The present invention relates to a process for the electrolytic production of cyanide in salt melts which contain cyanate and optionally carbonate and which are provided for nitrocarburizing steel.
The behavior in service of construction components is to a great extent determined by the behavior of the component surface. Nitriding or nitrocarburizing of steel has long been used on an industrial scale to increase not only resistance to wear and corrosion but also fatigue strength. Salt bath technology is of considerable significance in this connection. The principal components of these salt baths are the cyanates and carbonates of the alkali metals potassium and sodium.

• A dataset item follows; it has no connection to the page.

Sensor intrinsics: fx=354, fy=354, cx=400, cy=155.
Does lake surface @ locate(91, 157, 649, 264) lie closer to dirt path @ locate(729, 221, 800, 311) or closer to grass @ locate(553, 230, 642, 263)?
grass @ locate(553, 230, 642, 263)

Some patents, such as for example FR 9309706 or U.S. Pat. No. 5,518,605, are already known which relate to the performance of electrolysis in nitrating salt melts. However, these inventions solely relate to the improvement of the nitrocarburized surface of components. The components or feed materials themselves are here connected as anodes or cathodes. Patents concerning bath control of such melts, such as for example German 24 13 643 or German 25 29 412, by exploiting electrochemical potential measurement using the most varied electrodes are also known.
A process for the purposeful production of cyanide by electrolysis from the constituents of nitrocarburizing melts has, however, not hitherto been known. On the contrary, because of environmental and occupational health grounds, many variants of salt bath nitrocarburizing are directed towards avoiding cyanides in these melts.

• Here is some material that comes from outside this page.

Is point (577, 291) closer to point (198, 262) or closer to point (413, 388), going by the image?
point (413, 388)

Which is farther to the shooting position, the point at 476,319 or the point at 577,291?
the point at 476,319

The basis of the present invention, in contrast, is the recognition that a certain quantity of cyanide in the nitrocarburizing melts is highly advantageous with regard to achieving optimum serviceability (reduction of wear, corrosion protection) of the nitrided components.

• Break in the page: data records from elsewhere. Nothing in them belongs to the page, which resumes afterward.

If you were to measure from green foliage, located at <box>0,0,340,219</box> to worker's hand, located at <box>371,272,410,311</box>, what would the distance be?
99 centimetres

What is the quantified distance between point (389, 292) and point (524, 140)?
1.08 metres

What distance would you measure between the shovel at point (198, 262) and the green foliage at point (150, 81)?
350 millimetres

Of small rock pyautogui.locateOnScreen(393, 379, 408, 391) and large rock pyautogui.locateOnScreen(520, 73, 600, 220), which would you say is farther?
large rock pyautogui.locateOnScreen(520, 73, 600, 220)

It has long been standard practice to fuse nitrocarburizing melts without cyanide because the products may be transported and stored safely in this manner. Today, the fusing salts and replenishing salts conventionally used contain no cyanide at all. The cyanide advantageous for optimal nitrating is only formed over the course of a few days at operating temperature by gradual decomposition of the cyanate until an equilibrium is established in accordance with the reaction:
OCN.sup.- CN.sup.- +1/2 O.sub.2
The waiting times until equilibrium is established may be shortened by subsequently adding cyanide in the form of potassium and sodium cyanide or by fusing it when the molten bath is prepared or with the replenishing salt. The greatest problem in this case is the transport, storage and handling of the products containing cyanide. Occasional attempts have also been made to increase the speed with which a cyanate/cyanide equilibrium is established by adding iron chips or introducing scrap having an elevated surface area. However, none of the above constitutes a satisfactory solution to the problem of providing a nitrating bath fused without cyanide with the increased cyanide content necessary for optimum results. At present, no alternative possibility is known for producing a sufficient quantity of cyanide in such melts in another manner.
Therefore, it is an object of the present invention to produce cyanide in nitrocarburizing melts without using substances containing cyanide, in a short period of time and without impairing subsequent nitrocarburizing of components.